The above diagram, from Miura's research article [14], shows how the hub radius shortens through impact as the hands move higher (red dots) and that action pulls the clubhead higher through impact. This hub radius shortening action is due to elevation of the left shoulder socket through impact. Miura calculated that this action produced parametric acceleration of the clubhead and he estimated that it could add ~5% to clubhead speed. There are two ways to achieve this parametric acceleration - i) one could elevate the upper swing center, and therefore the left shoulder socket, by "jumping up" through impact or ii) one could keep the upper swing center stationary while elevating the left shoulder socket as result of extending the left side of the body. The disadvantage of the "jumping up" method is that is that it can create an inconsistent elevation of the hands, and therefore clubhead, through impact, from swing-to-swing.
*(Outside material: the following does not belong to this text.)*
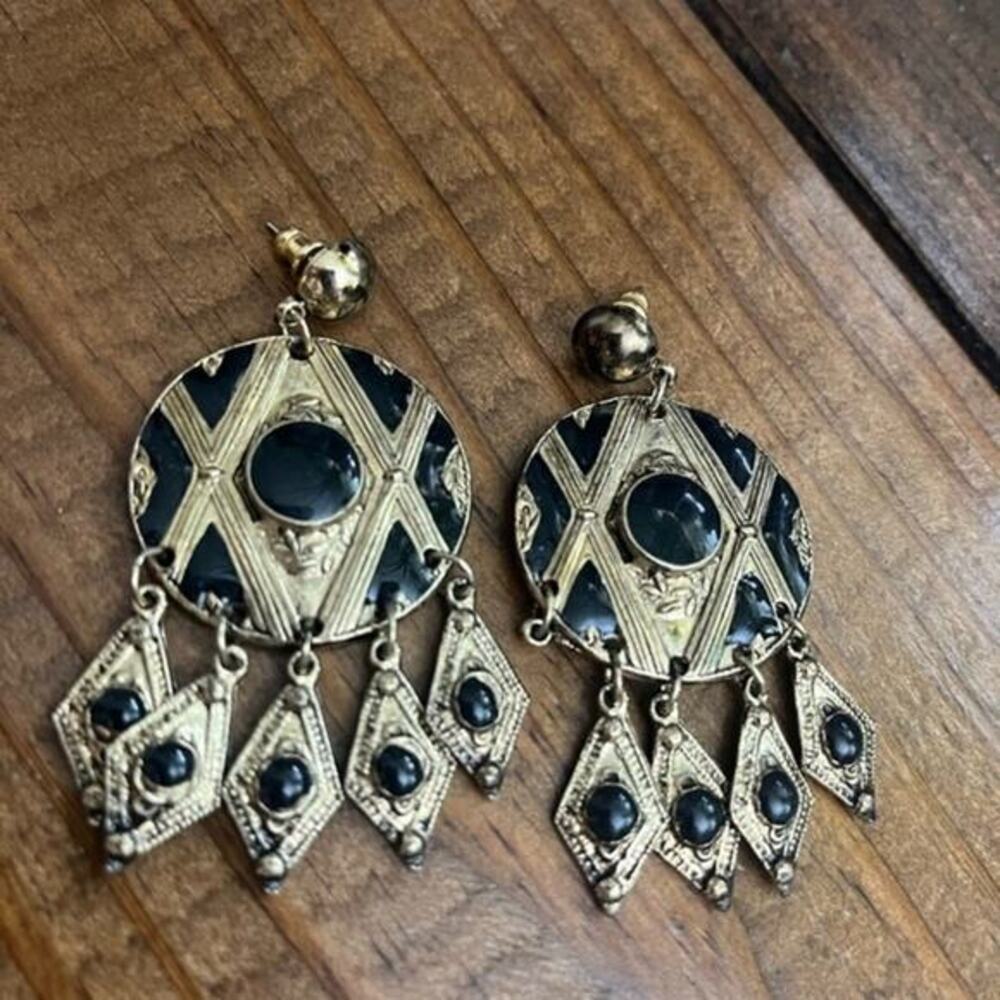 Vintage 80s 1980s HUGE Gold and Black Stone Oversized Chandelier Earrings A1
I think that keeping the upper swing center stationary, while elevating the left shoulder as one extends the left side of the body, can create a smoother and more consistent degree of parametric acceleration through impact.

The 16 year-old Domenic Mazza, who also hit a >400 yard drive and was the semi-finalist in the 2010 ReMax World Long-drive competition, does not "jump-up" after impact - but he can produce a smooth parametric acceleration of the clubhead by extending the left side of his body and thereby elevating the left shoulder through impact.

Here is Domenic Mazza's U-tube video showing his performance in the 2010 ReMax World Long-drive competition.

http://www.youtube.com/watch?v=3YXbH8eJQhQ

I think that Domenic Mazza has a classical/traditional swing action, and he can hit the ball >400 yards without "jumping up" after impact.



Domenic Mazza at impact, and after impact - images from the Golf Digest slideshow [15]


Note that he has the classical/traditional impact alignment (image 1) - open pelvis, straightened left leg, firmly grounded left foot. Note how his clubhead is moving upwards through impact due to elevation of the left shoulder socket, and therefore hands, through impact.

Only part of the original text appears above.